But one Chinese man succeeded at breaking through the security dragnet, protesting briefly in Ritan Park with his young son and a sign that read, “Shandong Huimin County government illegally sold my grandmother’s house and took away the money!”
Now, the family says, the man’s 73-year-old mother is being harassed by the police in retaliation. Their story is a slice of Beijing life that largely escaped view during the Olympic Games and a reminder of the surveillance that continues through the Paralympic Games, which begin Saturday.
“I really didn’t know my son was going to protest in Ritan Park,” Yang Guiying said in an interview last week in her modest apartment in Daxing, a Beijing suburb, as a uniformed policeman stood on the landing outside her door. She was already under police surveillance; the protest “definitely made things worse,” she said.
Yang suffers from a kidney disease and has difficulty walking without taking breaks. That did not stop state security from sending two plainclothes police officers to ride along with her on a public bus, with two marked police cars behind it, she said.

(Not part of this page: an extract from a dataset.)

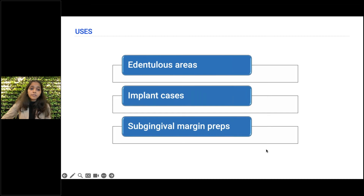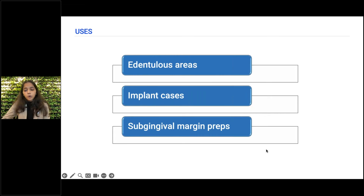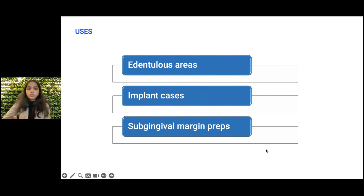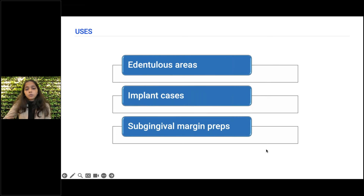You can also use it in implant cases where you want to capture scan bodies and there are moving tissues which lead to noise — to avoid this, you can play with the scan depth to scan appropriately. Additionally, you can use it in prep cases where there is a deep margin and you want to capture the whole tooth in one frame — in such instances you can use and adjust the Control Scan Depth tool.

“I’m just an old lady,” a teary-eyed Yang said, wearing a worn yellow blouse and two layers of pants even in summer. “I’ve done nothing wrong.”
But a complaint she filed in 1990 is a thorn in the Communist Party’s side. Her parents’ property in Huimin county, Shandong province, was taken away that year by local government officials who built in its place a financial services center housing two banks. They failed to compensate the family, said Yang, who has a written acknowledgment from the local housing bureau recognizing her family’s ownership of the property.
Six years ago, Beijing’s Ministry of Construction urged Huimin county to solve the dispute. The local party secretary’s response was to recognize that the land had been private property and to offer the equivalent of $22,143 for it, the family said — that is about 3 per cent of what would be paid for a similar-size plot in some other rural areas.
He Siqing, the party chief, did not answer repeated calls to his cellphone. A woman at the Huimin bureau of letters and calls who gave her surname as Liu said on Monday that the county was willing to negotiate. “We’re working on it,” she said.
Yang’s son, Hai Mingyu, a Beijing-based graphic designer, said his mother had been warned before the Olympics not to cause trouble during the Games.
But then he heard about Beijing’s plan to set up the protest pens in three public parks. He decided to stage a protest there. Planning to bring along only his 3-year-old son, he said, he figured he did not need to formally apply for permission.
Of the 77 applications from 149 people that did get filed, all were “withdrawn” or rejected, according to city officials. Rights activists have criticized the pens as an empty and cynical gesture.
When Hai arrived at Ritan Park in downtown Beijing on August 9, he recounted, he noticed a group of foreign journalists taking photographs. As soon as he approached, a Chinese woman asked him where he was from and what his case was about. “It’s no use talking to these journalists,” she told Hai. “They are only here to report on Chinese culture, not protests.”
Shortly afterward, Hai began to speak with three foreign reporters, asking if they were covering human rights issues. The woman immediately barked an order into a cellphone and more than 20 plainclothes police officers showed up in seconds, Hai said. Bystanders spoke up for Hai, who had explained the case about his mother’s land. Police tried to take away the sign that Hai’s son held, but the crowd shouted at them to leave his son alone, he said. Police called for backup at the north gate. Hai, protected by the presence of foreign cameras, walked to the south gate and climbed into a taxi with his son. His protest lasted less than 10 minutes.